Q. How does including ‘unmarked’ elements increase the robustness of the experiment?
A. Including an ‘unmarked’ column or row increases the background noise in the experimental design slightly but makes your claims more general. For example, if you want to see if the mood interacts with the monotransitive case (DV = m), it is preferable to say that “the probability that the clause is marked as monotransitive is affected by mood” rather than “if the transitivity and mood are stated, the probability that the clause is marked as monotransitive is affected by mood.”
Note that predicting the unmarked outcome (DV = 0) may not be very useful (except to detect errors).
- You can set up a simple goodness of fit chi-square test for each outcome of the dependent variable. A goodness of fit chi-square compares an observed distribution (column) for DV = m, with an expected distribution based on the total column (DV = <any>). We scale the expected distribution as before.
You can also perform a single homogeneity chi-square test for the entire table, as before, to see if there is an interaction going on, without specifying where.
You can plot proportions of any value of the dependent variable, in the form p = CL(montr)/CL, for each value of the independent variable, e.g. p1 = CL(montr, exclam)/CL(exclam). With more than 2 values of the DV, you can plot rates with Wilson score intervals for each value of the DV.
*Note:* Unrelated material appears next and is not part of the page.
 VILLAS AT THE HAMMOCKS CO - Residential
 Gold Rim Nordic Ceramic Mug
In summary: first we define what we mean by a case, either explicitly – “it’s a clause” – or implicitly – “here are x alternative types of a case,” and collect frequency statistics separately for each cell in the table. The variable is fully enumerated for the dataset if the total number of cases always adds up to the total for each separate column or row in the table.
Examples
1. Two features in the same constituent
- Q. Does transitivity affect mood in clauses?
Our first example is achieved by simply completing the table in the basic approach. Using ICECUP and the complete ICE-GB corpus, we perform queries for each combination of mood and transitivity, including where features are absent. (We assume that the features within one clause are independent from the features within another.) Note that the overwhelming majority of clauses are not marked for mood (labelled 0 below), i.e., they are declarative (also termed ‘indicative’). Clauses whose transitivity is unmarked are in error, or the transitivity cannot be determined, possibly as a result of ellipted material. In this case the clause should be labelled ‘CL(incomp)’.
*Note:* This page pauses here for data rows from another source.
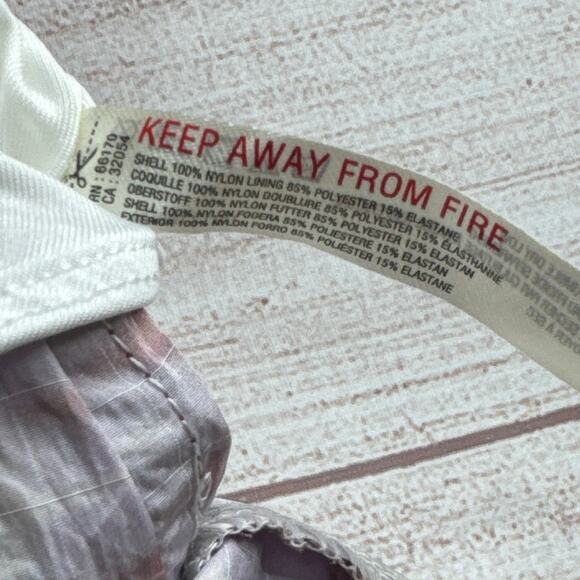 New Free People Movement Varsity Blues Printed Shorts Women's Size Large - Picture 11 of 11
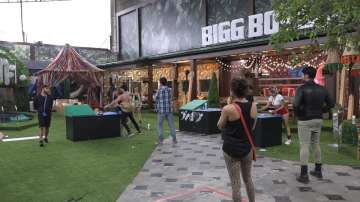 Bigg Boss OTT, Aug 20 LIVE: Pratik Sehajpal destroys house property, new Boss Man and Lady announced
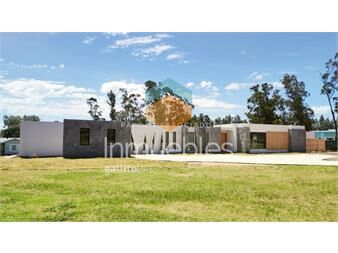 https://www.gallito.com.uy/casa-a-estrenar-en-venta-de-4-dormitorios-en-el-quijote-la-inmuebles-26779031
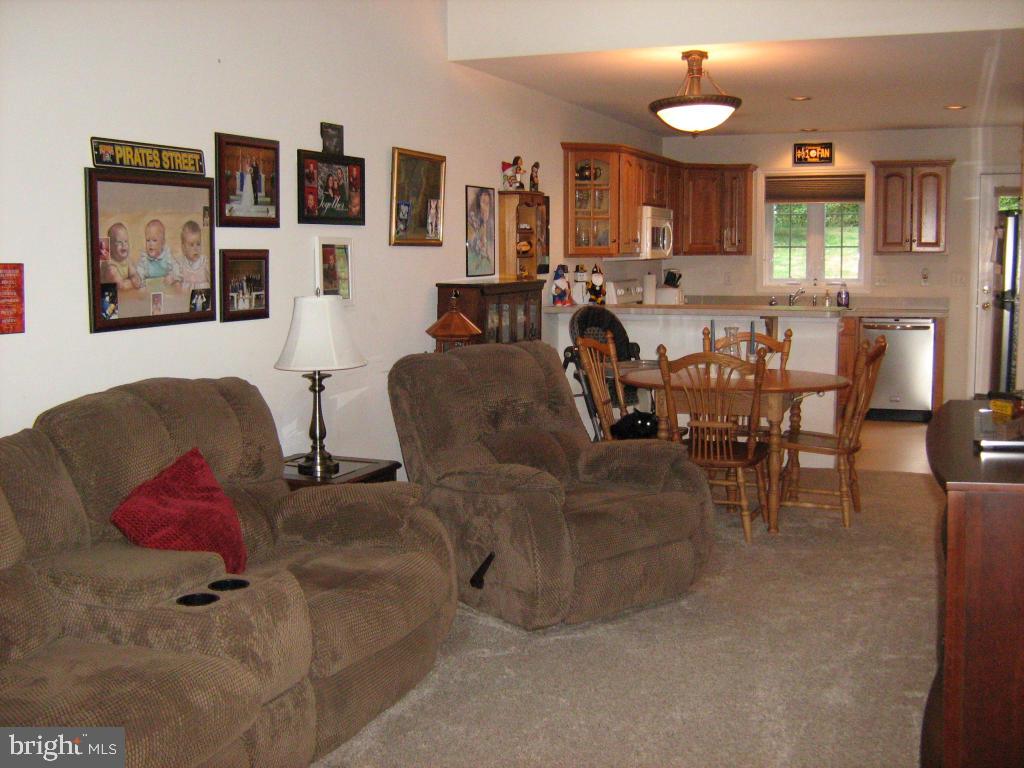 447 Rabbit Hill Lane Lancaster, PA 17603 - Photo 6 of 32 Gallery Image 6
CL | IV (transitivity) | ||||||||
DV (mood) | montr | ditr | dim'tr | cxtr | trans | intr | cop | 0 | TOTAL |
exclam | 6 | 0 | 0 | 0 | 0 | 2 | 14 | 1 | 23 |
inter | 2,193 | 72 | 17 | 132 | 90 | 1,350 | 1,869 | 64 | 5,793 |
imp | 1,139 | 62 | 25 | 128 | 112 | 697 | 54 | 4 | 2,221 |
subjun | 61 | 2 | 1 | 10 | 3 | 85 | 70 | 1 | 233 |
0 | 58,502 | 1,589 | 199 | 3,803 | 2,373 | 30,281 | 29,867 | 10,295 | 136,909 |
TOTAL | 61,907 | 1,725 | 242 | 4,073 | 2,578 | 31,874 | 31,874 | 10,365 | 145,179 |
We can now investigate, for example, if the transitivity of monotransitive clauses affects the mood.
CL | IV (transititvity) | ||
DV (mood) | observed | expected | χ² |
exclamative | 6 | 10 | 1.4782 |
interrogative | 2,199 | 2,470 | 29.7834 |
imperative | 1,139 | 947 | 38.8935 |
subjunctive | 61 | 99 | 14.8069 |
0 (unmarked) | 58,502 | 58,381 | 0.2528 |
TOTAL | 61,907 | 61,907 | 85 |
The calculation is as follows:
- observed O = {6, 2223, 1066, 62, 58984},
- expected E = {10, 2470, 947, 99, 58381} (approx.).
- chi-square χ² = Σ(E – O)²/E = 4²/10 + 271²/2470 + 192²/947 + 38²/99 + 121²/58381 = 85.
This score is greater than the critical value of χ² for 5-1 = 4 degrees of freedom, crit(4, 0.05) = 9.4877. So we can report that there is a significant difference.
The null hypothesis is that monotransitive distribution by mood correlates with (closely fits) all clauses. This may be rejected.
The table summarises the observed and expected distributions and the contribution that each pair of values (i.e., (E – O)²/E) makes to the overall χ². Note that although there are many cases of ‘mood = 0/unmarked’ (indicative), this contributes the least variation (121²/58381 = 0.2528). The largest contributions to the chi-square are imperative and interrogative.
What do these individual chi-square scores represent? They may be thought of as estimates of “the robustness of the claim of a deviation from the mean.” The mean is the expected score, and each observed score is subtracted, squared and divided by it. It used to be recommended to compare particular contributory scores (or their signed square root), but today it is considered preferable to plot data points with confidence intervals. See Chapter 7 in Wallis (2021).
The goodness of fit assessment matches uncertainty in the distribution of each transitivity class against the TOTAL column. Confidence intervals may be assigned to each based on the total amount of data, as shown in the figure below. Thus there are n = 61,907 monotransitive clauses (first column), of which 6 (~0%) are exclamative, 2,223 (3.5%) are interrogative, and so on. Our goodness of fit assessment compares the monotransitive cluster (left, with confidence intervals) with the TOTAL (right).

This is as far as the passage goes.